The common sub-project features the packages and classes used across all of the other PDQ subprojects. It features high-level interfaces and basic code for handling FOL formulas, and basic database objects like tuples and relations. It contains the java representation of PDQ's plan language, an extension of relational algebra with support for access methods.

The most involved part of the common subproject is the data management infrastructure used internally in PDQ for reasoning. This includes a simple database manager that implements a fragment of SQL, and an interface to an external relational database management system.

Cost Cost

The cost sub-project features the packages and classes for plan cost estimation. Many of the cost functions will make use of statistical information, with some simple statistics being recorded in a catalog.properties file. The main entry point will take as input a plan.xml file (in the format described here. The type of estimation algorithm used and the filename holding the catalog information is passed within a parameters file.

Datasources Datasources

The datasources sub-project features both metadata discovery tools and classes representing descriptions of access method implementations, via web services and dbms connector libraries.

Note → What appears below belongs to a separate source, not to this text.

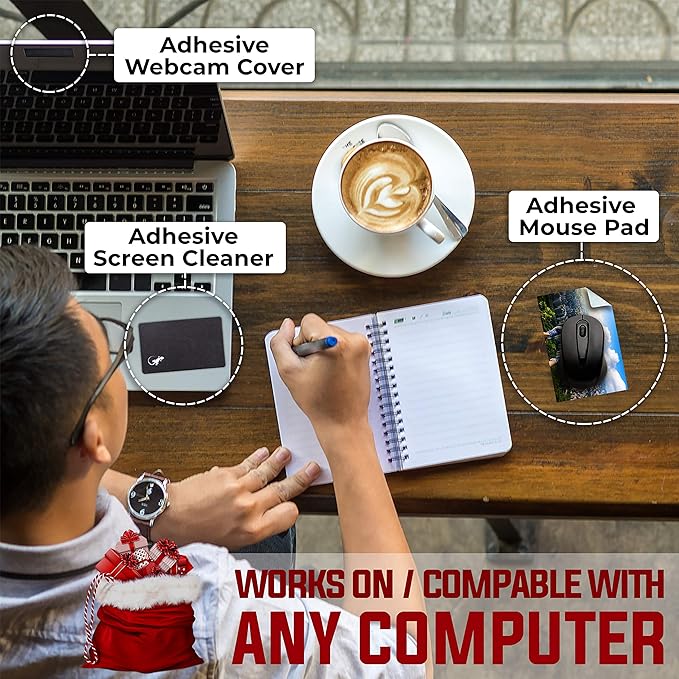 Mouse Pad Travel Size with Adhesive Bottom, Mini Mouse Pad Sticks to Any Surface, Plus Webcam or Camera Privacy Tab Covers and Screen Cleaner (View Point City)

One use of the datasource package is to read in metadata from a DBMS, populating a schema object, which can be serialized to a schema.xml file or used within the application for planning, reasoning, or runtime. Only Postgres and MySQL are supported for such extraction. An example of the use of the API to extract schema information is:

public PostgresqlSchemaDiscoveryTest() throws BuilderException {
                Properties properties = new Properties();
		properties.put("url", "jdbc:postgresql://localhost/");
		properties.put("database", "tpch");
		properties.put("username", "root");
		properties.put("username", "postgres");
		properties.put("password", "root");
		properties.put("driver","org.postgresql.Driver");		
		PostgresqlSchemaDiscoverer disco = new PostgresqlSchemaDiscoverer();
		disco.setProperties(properties);
		this.schema = disco.discover();
	}

There is currently no code for building catalog objects with cardinality information (or a catalog.properties file) -- this has to be created offline.

For web services, there is no code that processes standard descriptions of services. But the datasources sub-project contains code that processes our own meta-data about web services and their association with access method identifiers.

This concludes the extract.